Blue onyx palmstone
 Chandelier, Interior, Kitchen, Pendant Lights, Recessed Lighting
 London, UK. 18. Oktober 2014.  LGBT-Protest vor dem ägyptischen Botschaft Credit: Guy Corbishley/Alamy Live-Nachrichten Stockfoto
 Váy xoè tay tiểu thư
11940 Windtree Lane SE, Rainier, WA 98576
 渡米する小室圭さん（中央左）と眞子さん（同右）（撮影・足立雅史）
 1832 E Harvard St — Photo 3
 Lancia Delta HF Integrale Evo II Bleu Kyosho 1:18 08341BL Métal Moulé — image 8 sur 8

· · · · ·

Could you print exactly the lines from the one containing "11940 Windtree Lane SE, Rainier, WA 98576" through the last line of the records above?

**Expected answer:**
11940 Windtree Lane SE, Rainier, WA 98576
 渡米する小室圭さん（中央左）と眞子さん（同右）（撮影・足立雅史）
 1832 E Harvard St — Photo 3
 Lancia Delta HF Integrale Evo II Bleu Kyosho 1:18 08341BL Métal Moulé — image 8 sur 8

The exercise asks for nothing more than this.